• Listed records
──────

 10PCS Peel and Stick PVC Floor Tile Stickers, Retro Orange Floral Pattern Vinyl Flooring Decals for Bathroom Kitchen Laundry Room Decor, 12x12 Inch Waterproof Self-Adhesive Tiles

──────

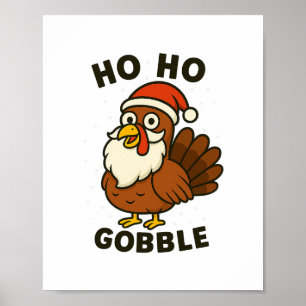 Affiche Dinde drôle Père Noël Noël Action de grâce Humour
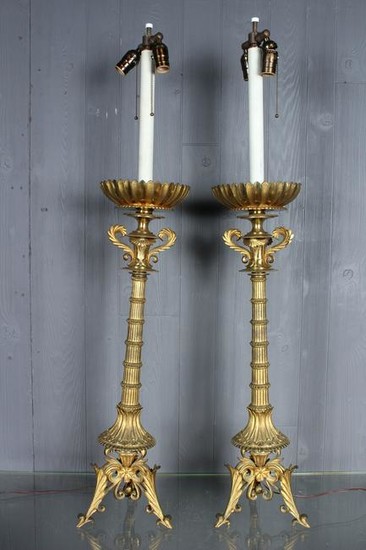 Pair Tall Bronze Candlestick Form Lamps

──────

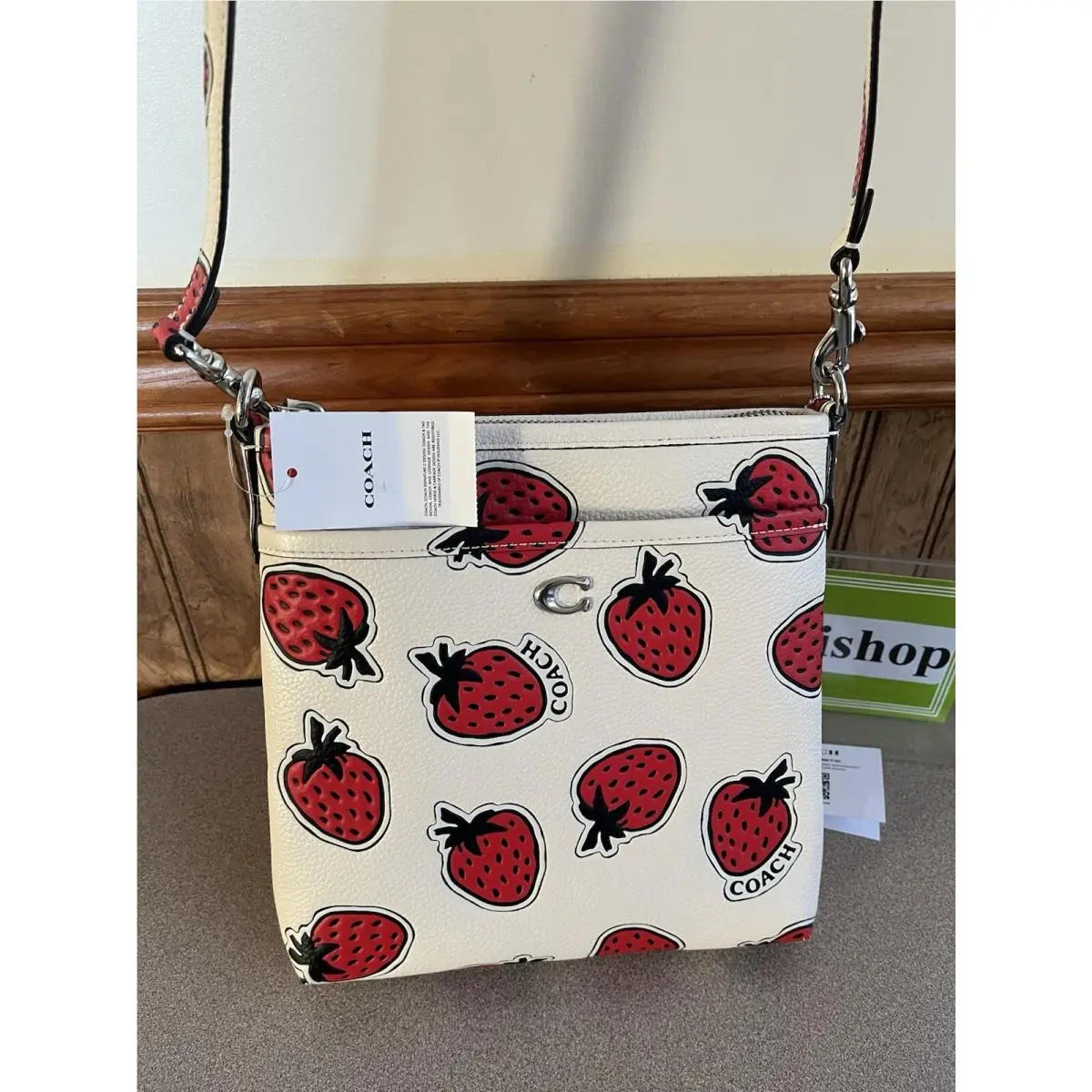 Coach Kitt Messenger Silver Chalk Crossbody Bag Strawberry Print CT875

──────

• Your task
Everything above from the line with "Affiche Dinde drôle" through the line with "Pair Tall Bronze Candlestick Form Lamps" should be retyped exactly, and nothing else; omit pictures.

• Problem solution
 Affiche Dinde drôle Père Noël Noël Action de grâce Humour
 Pair Tall Bronze Candlestick Form Lamps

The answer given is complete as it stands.